I'm so confused about people's perception of Biden. I was on a financial forum on reddit and somebody was asking advice because they got laid off. There were many comments about how hard it was to look for a job "in this economy" and "good luck, there's nothing out there!"  - this combined with a relative I have, who was recently looking for a job and "not finding anything" despite the fact that in our area, we're actually below the average for # of unemployed people nationwide and as I understand as a whole the US is having very low unemployment, and in fact many employers are struggling to find workers.....So where does this idea that it's hard to find a job "in this economy" and "blame biden" even come from?? Based on my reading of a basic chart on the labor statistics site - we're basically at historically low unemployment for several years now, excepting a covid blip. My retirement stocks are waaaaaay up. My particular field continues to have a nationwide shortage. I just don't get it.  I would think looking for a job in low unemployment environment would be easier - and not such a political thing. People talk and talk about the price of gas and certain grocery items to the point of obsession but a lot of it's talk because really gas prices are still stupid low. People are still buying gas though despite blaming it on Biden. ...I don't think I'm being super clear. I'm just confused. Are people trying to not get a job so they CAN blame Biden??? Anything seems possible.
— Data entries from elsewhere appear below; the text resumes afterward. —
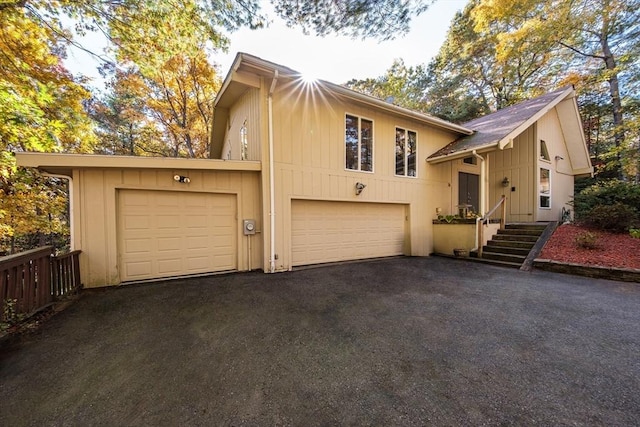 view of front facade with driveway and fence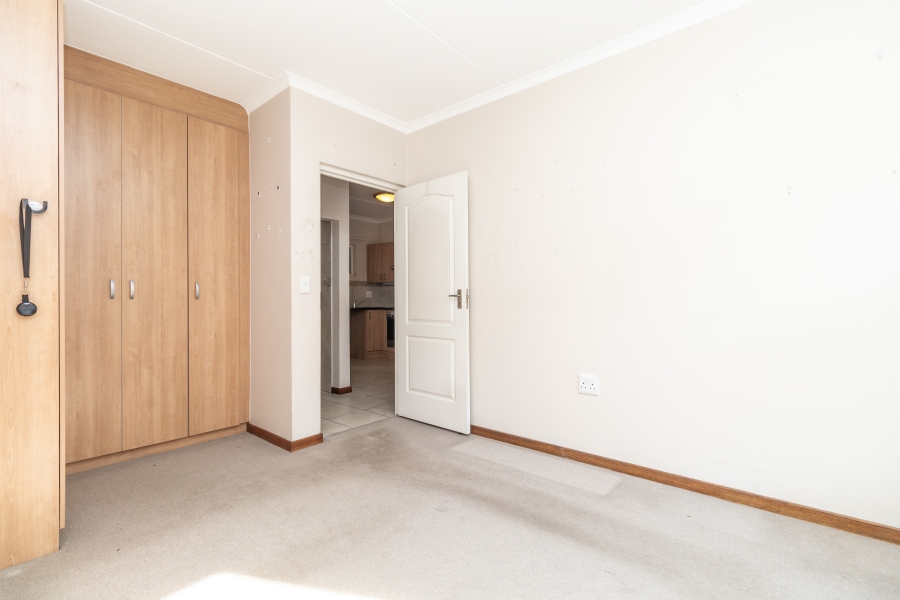 1 Bedroom Property for Sale in Douglasdale Gauteng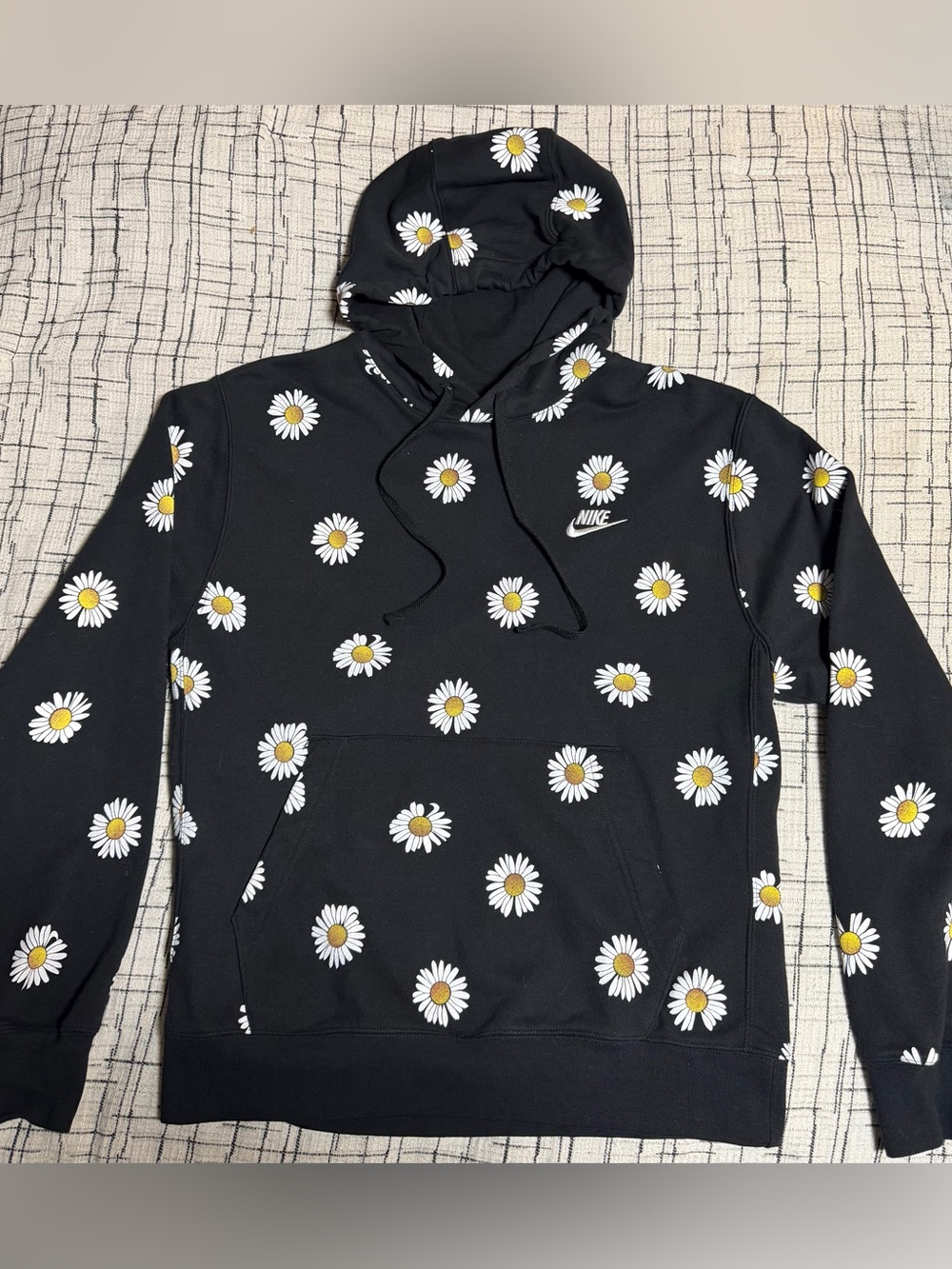 Nike Men's Black Daisy Print Hoodie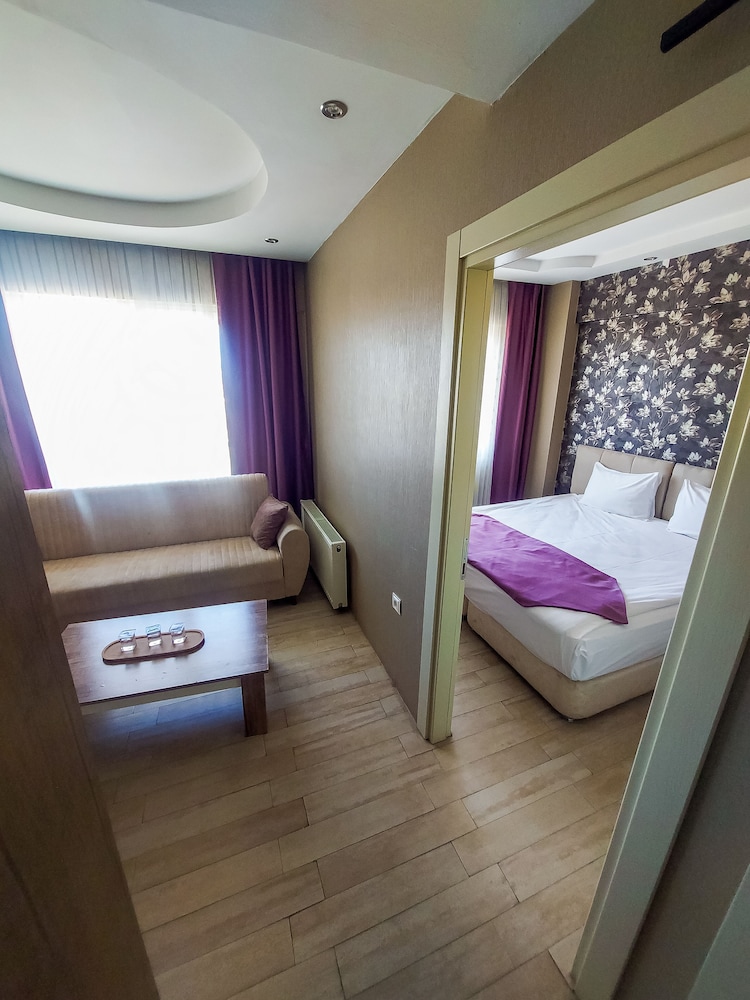 Udi Hotel 10/47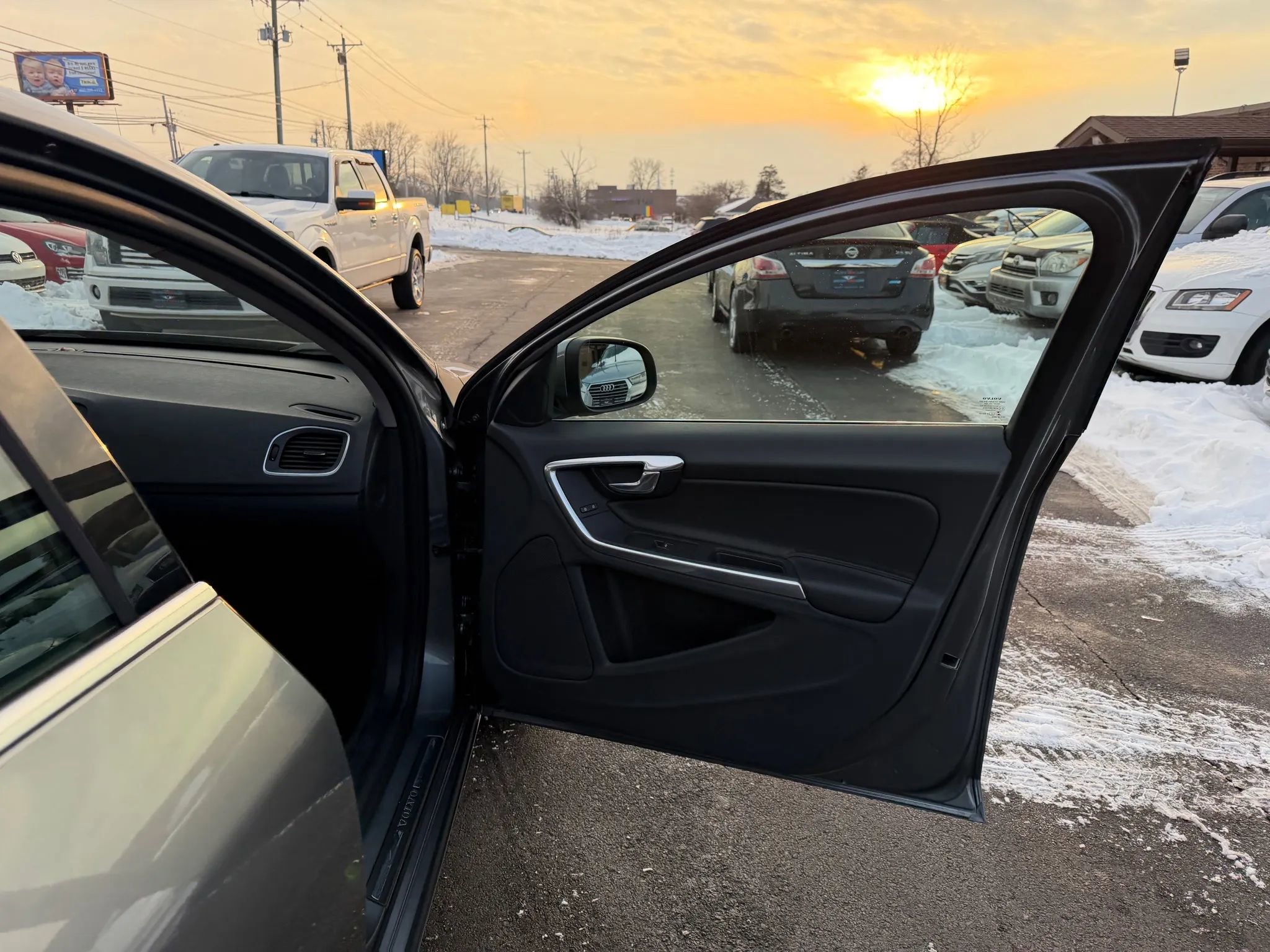 Used 2016 Volvo S60 T5 Premier image 37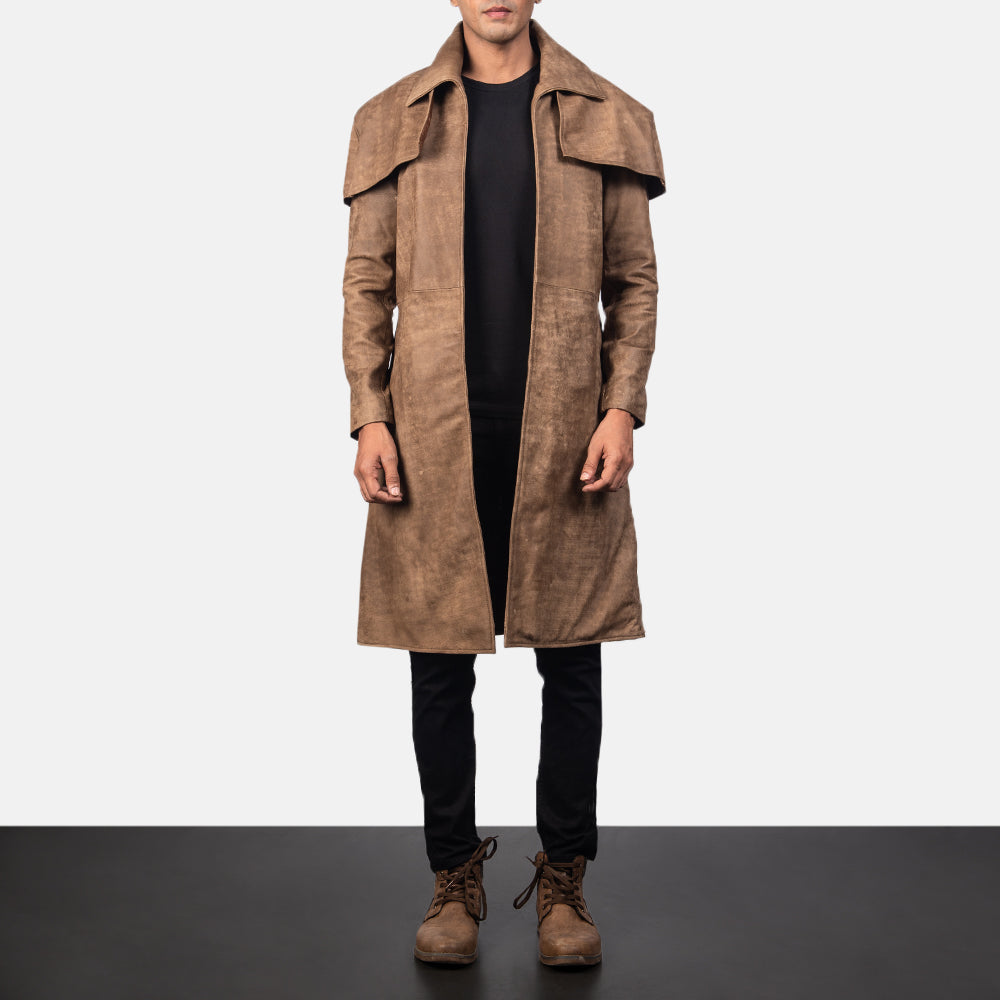 
Classic Коричневый Leather Duster для Мужчин in Distressed Brown Sheepskin Snuffed - Вид спереди и приталенный силуэт | Купить в официальном онлайн-магазине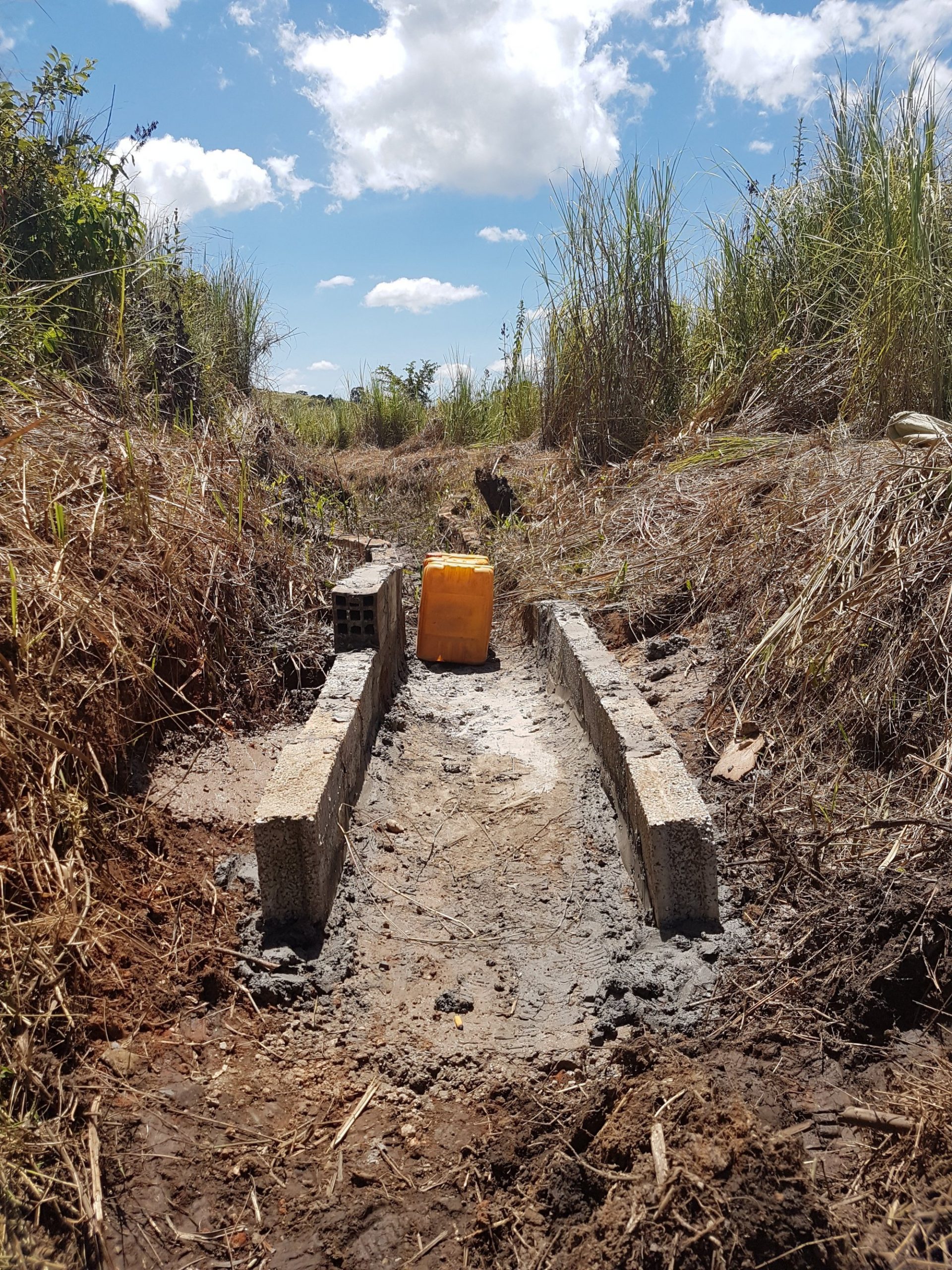 Completed work to make water flow in Banda Makawa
I understand the frustration. I don’t know if it is wrong to feel this way, but I’ve listened to numerous middle-class married women who own houses complain about the price of eggs or celery or butter and I want to say, “How many pairs of shoes do you have in your closet? How many purses? Where’d you go on vacation last year? How many toys did you buy for your grandkids who already have more than they’ll ever play with? How much money did you spend at the craft store? What was your bill at the restaurant you ate at last Friday?” and so on. I mean, they are wanting for nothing, yet insist on griping as if they are doing without. They are not!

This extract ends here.